Enabling and Disabling Hive and Impala Lineage

The Enable Lineage Collection property determines whether lineage logs should be collected by the Cloudera Manager Agent. Both Hive and Impala lineage collection is enabled by default. To control whether the Impala Daemon role logs to the lineage log and whether the Cloudera Manager Agent collects the Hive and Impala lineage entries:
  1. Go to the Hive or Impala service.
  2. Click the Configuration tab.
  3. Type lineage in the Search box.
  4. Select or deselect the Enable Lineage Collection checkbox.
  5. (Impala only) Select or deselect the Enable Impala Lineage Generation checkbox.
  6. Click Save Changes to commit the changes.
  7. Restart the service.
If you deselect either Impala checkbox, Impala lineage is disabled.

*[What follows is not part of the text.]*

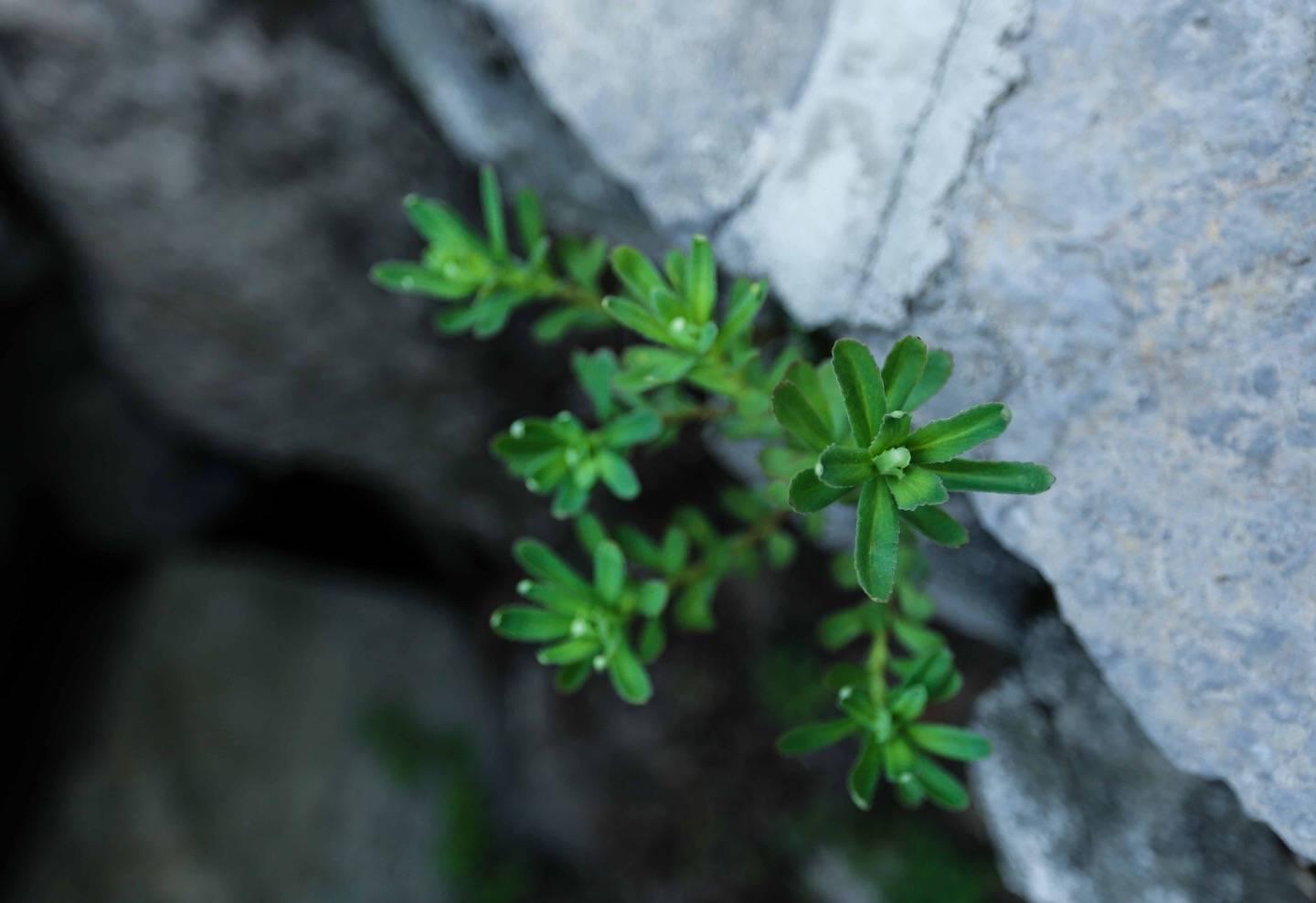 关于春草唯美诗词大全（赞美春草唯美诗句古诗）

Configuring Hive on Spark and Impala Daemon Lineage Logs

The following properties apply to the Hive and Impala lineage log files:
  • Hive Lineage Log Directory - The directory in which Hive lineage log files are written.
  • Hive Maximum Lineage Log File Size - The maximum size in MB of the Hive lineage log file before a new file is created.
  • Enable Impala Lineage Generation - Indicates whether Impala lineage logs should be generated.
  • Impala Daemon Lineage Log Directory - The directory in which Impala lineage log files are written.
  • Impala Daemon Maximum Lineage Log File Size - The maximum size in number of queries of the lineage log file before a new file is created.
If the value of a log directory property is changed, and service is restarted, the Cloudera Manager Agent starts monitoring the new log directory. In this case it is possible that not all events are published from the old directory. To avoid losing lineage information when this property is changed, perform the following steps:
  1. Stop the affected service.
  2. Copy the lineage log files and (for Impala only) the impalad_lineage_wal file from the old log directory to the new log directory. This needs to be done on the HiveServer2 host and all the hosts where Impala Daemon roles are running.
  3. Start the service.

To edit lineage log properties:

  1. Go to the service.
  2. Click the Configuration tab.
  3. Type lineage in the Search box.
  4. Edit the lineage log properties.
  5. Click Save Changes to commit the changes.
  6. Restart the service.